Tzitzit, however, are different — they’re a mitzva, something we’re supposed to do according to Torah. However, in my life, they’re something strictly between me and G-d — a quiet reminder, not an advertisement of piety. (Sadly, in the circles in which I travel, I think they’d be perceived as an advertisement of a different sort.) I’ve only been wearing them for five days now, and already I “feel more like a Jew.” That’s pretty weird to see myself writing that, since I tend to see “Jew” as something you are and do, not something you feel. But I guess that’s part of the mystery of “na’aseh v’nishmah” (“we will do and we will hear,” or — loosely translated a la Ivan Stang — “Laugh.
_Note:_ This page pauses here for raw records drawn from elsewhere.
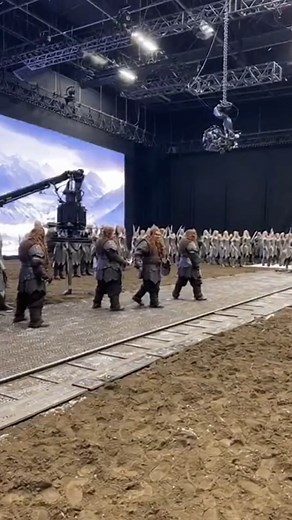 35K views · 222 reactions | The Hobbit — Armored Dwarves On Battlefield ⚔️️ Dwarf actors in full heavy armor stand against a stunning LED mountain backdrop, preparing for a battle scene as the crew positions cameras and extras in formation. The detailed costume work and epic scale of the set bring the world of Middle-earth to life right inside the studio. #TheHobbit #BTS #Dwarves #MiddleEarth #FantasyFilm #BehindTheScenes #FilmProduction #EpicSet | Studio Breakdown | Facebook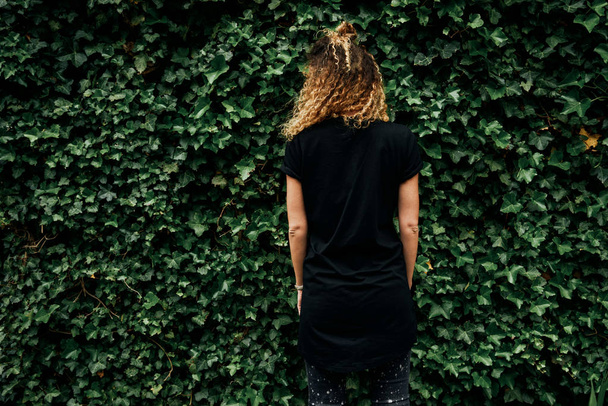 Young hipster woman wearing blank black t-shirt and black jeans standing on a plants background  - Fotó, kép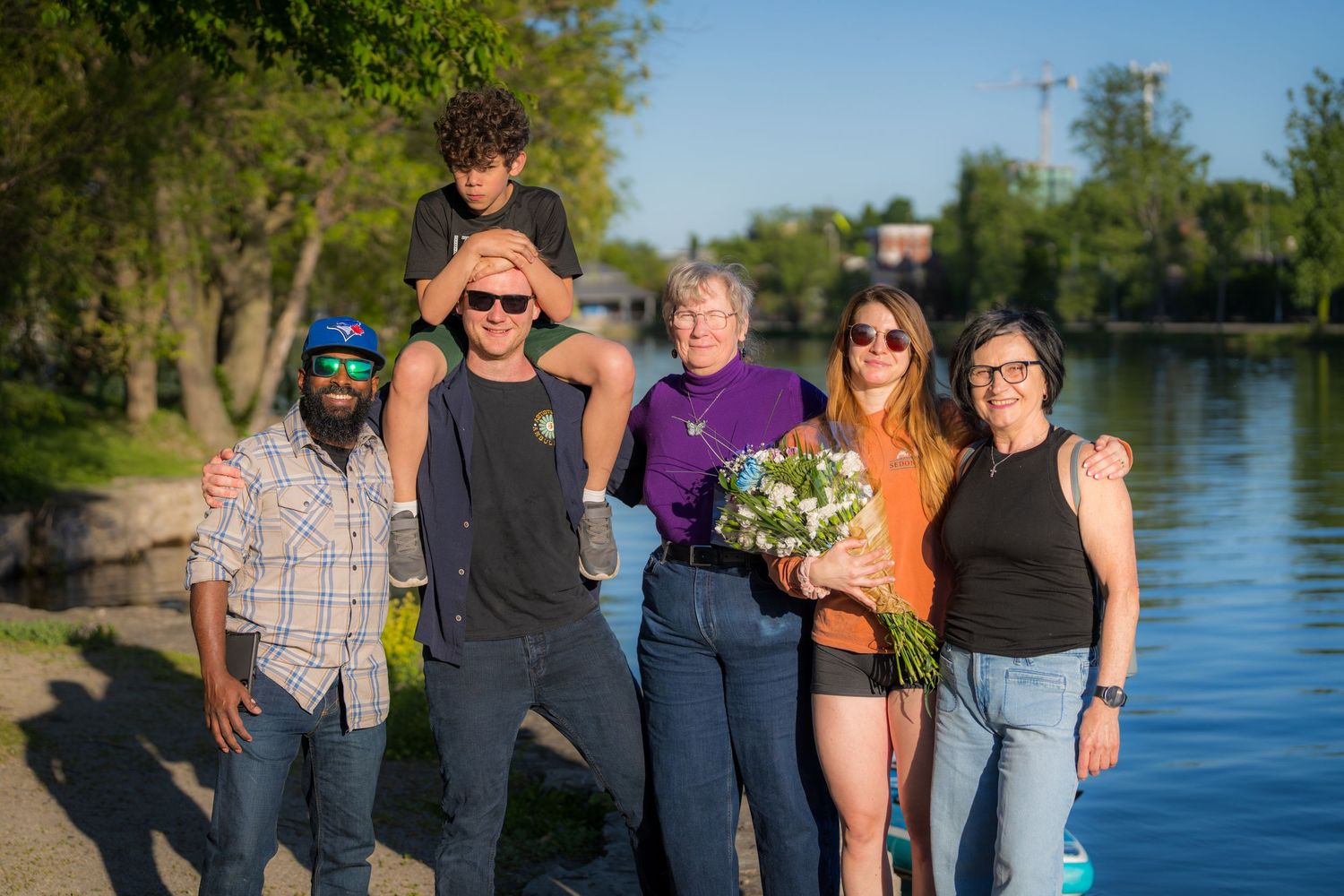 Group of six people posing together outdoors near a river on a sunny day, one holding a bouquet.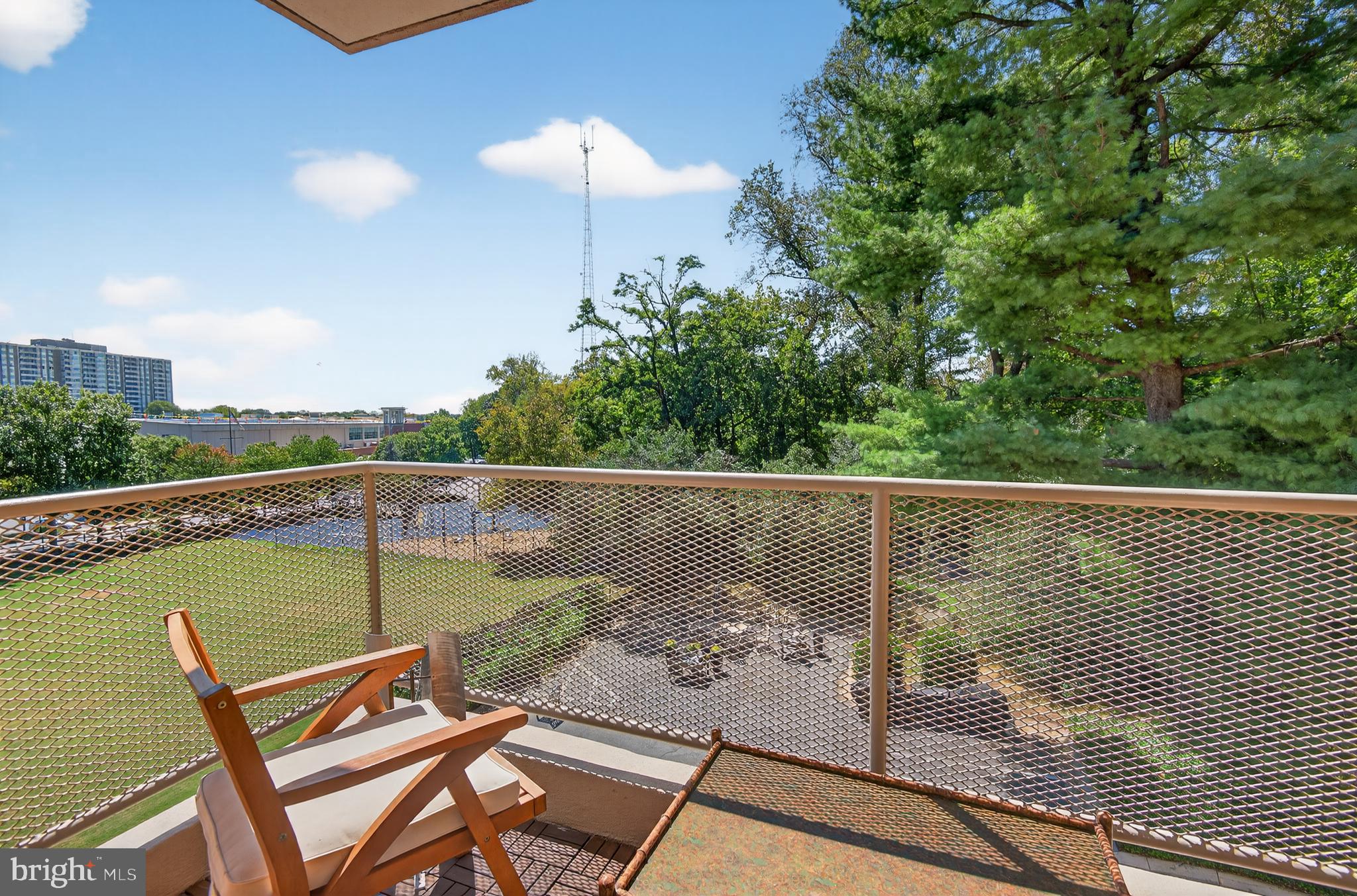5100 Dorset Avenue, Unit 314 Chevy Chase, MD 20815 - Photo 22 of 30 a view of a lake with a deck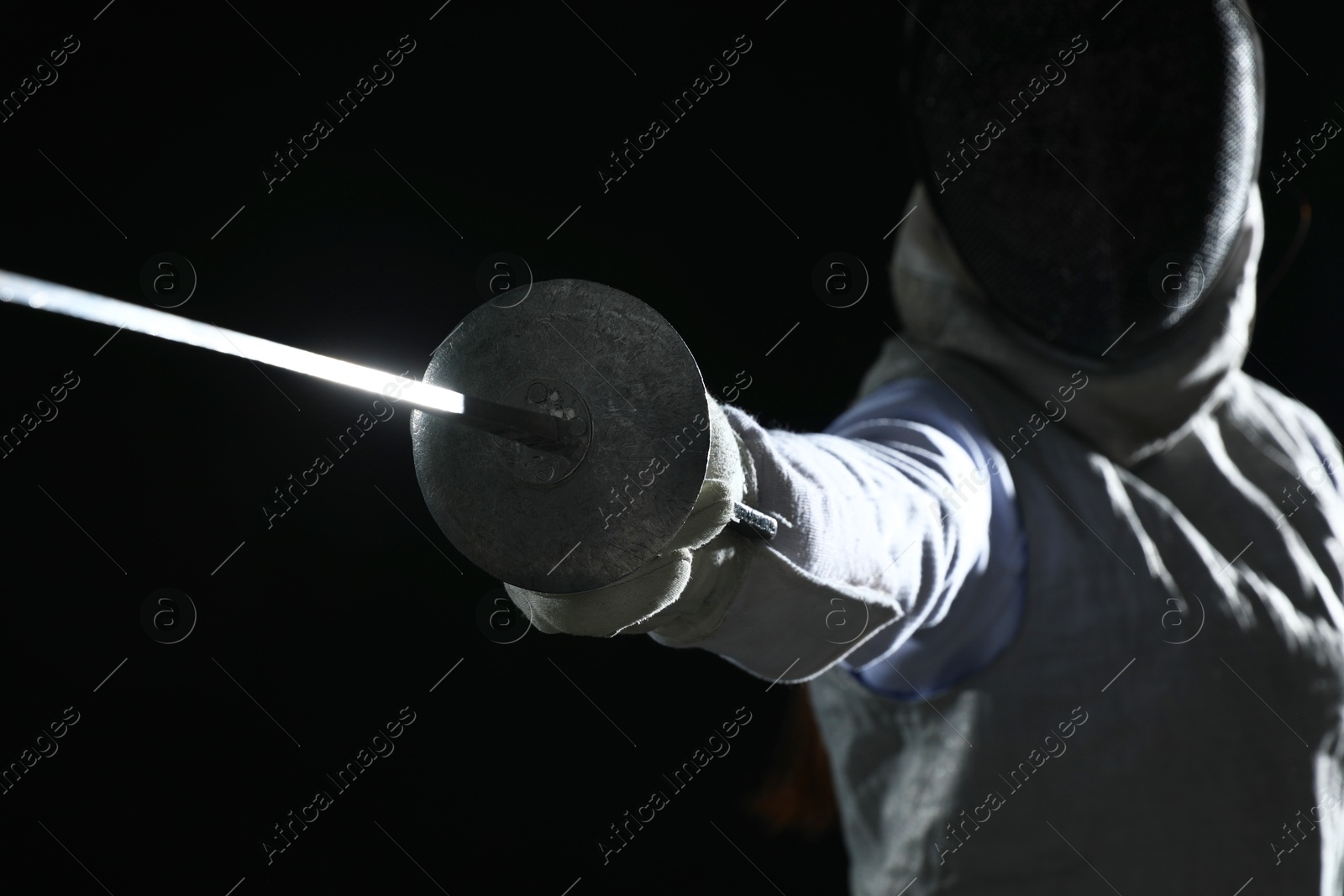 Photo of Fencer with epee on black background, selective focus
See?” It’s what our ancestors replied when Moshe Rabbeinu said that G-d had some instructions for them [Exodus 24:7].) There are things we do which define us to ourselves. For me, “being a Jew” and not wearing tzitzit, or laying tefillin, or praying every day, or studying Torah, or seeking to be my best and see the best in others, feels to me like “being an American” but not voting. Grasping the shell of the thing but not savoring its essence. Tzitzit are definitely of the essence. (At least, for me. Others, G-d willing, will have a different view of the notional constraints within which to conduct oneself Jewishly.)

We’re either “on the bus or off the bus,” as the now-late Ken Kesey once said. Given that, the question isn’t “How many people can we take with us?” but rather “What will we share with each other along the way?”